ブルージュで考える観光まちづくり


ブリュッセルから北西に向かって電車に揺られること約1時間、そこはフランドルの水の都ブルージュ。水路に架かる数々の橋から臨む歴史的な建造物が中世ヨーロッパの姿を想起させる美しき街。北海と水路で結ばれていたブリュージュは、12-13世紀に貿易港として大いに繁栄したが、15世紀には水路の沈泥化で商業の水路が閉ざされて都市機能を失った。結果として、中世の景観をそのまま留めることになり、今では街そのものが歴史的な世界遺産。都市の変遷にも数奇な運命の物語がある。

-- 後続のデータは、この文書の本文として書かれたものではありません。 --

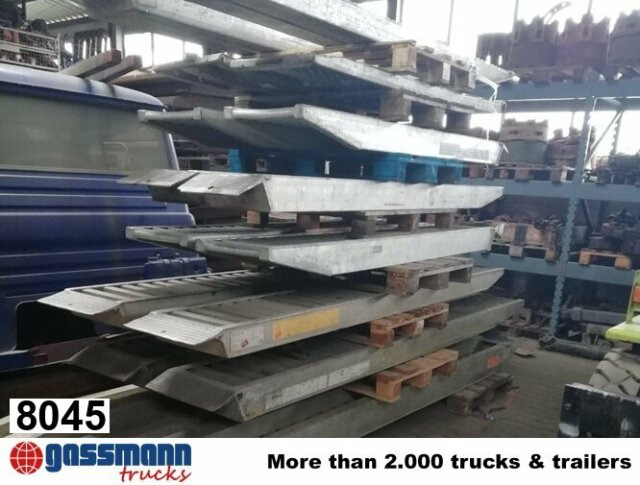 Versch. Alu Auffahrrampen - Nakladalna rampa: slika 1 Versch. Alu Auffahrrampen - Nakladalna rampa: slika 1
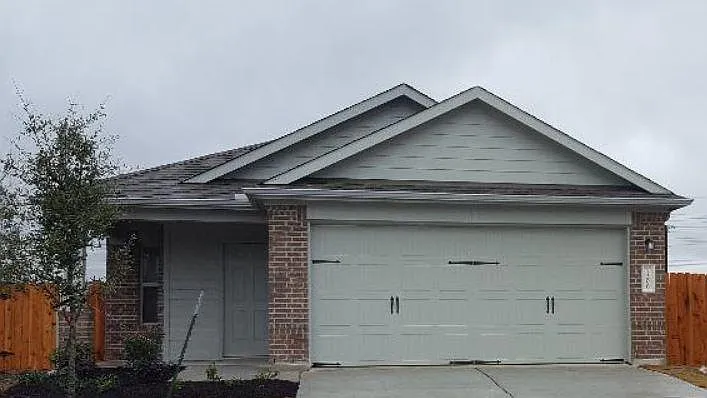 7200 Dungarees Way — Photo 6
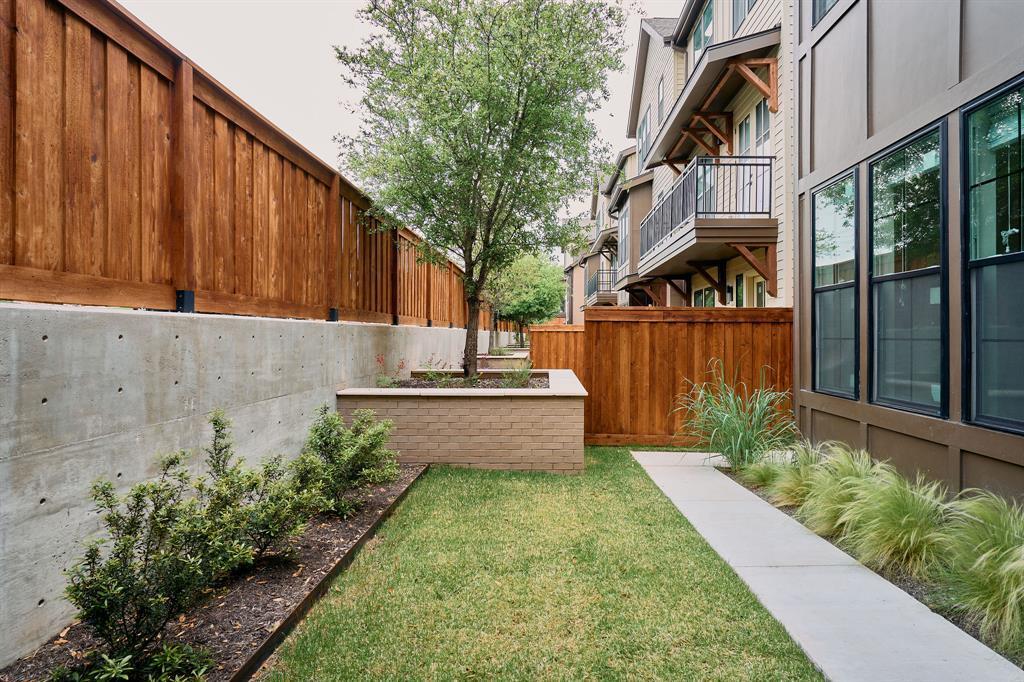 2209 Woodland Avenue Austin TX 78741
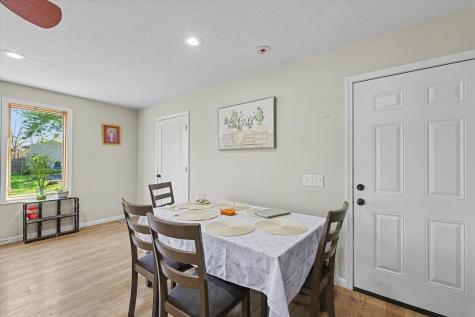 5555 Thrush Avenue Decatur IL 62521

ブリュージュの街歩きは、タイムスリップした感覚を抱かされるのが興味深い。一方、都市の経営分析という観点から見ると、中世ヨーロッパの面影を残す都市のハードウェアが魅力的な商品となり、これに惹かれて訪ねてくる観光客が落とすお金で地域経済が潤っている。ただ、飲食業・宿泊業・ツーリズム業を主要産業とする観光都市モデルの維持も容易ではない。街ぐるみでハードウェアの魅力を保ち続けなければならない。観光まちづくりには、都市という商品づくりの醍醐味と商品維持の努力の両面を深く考えさせられる。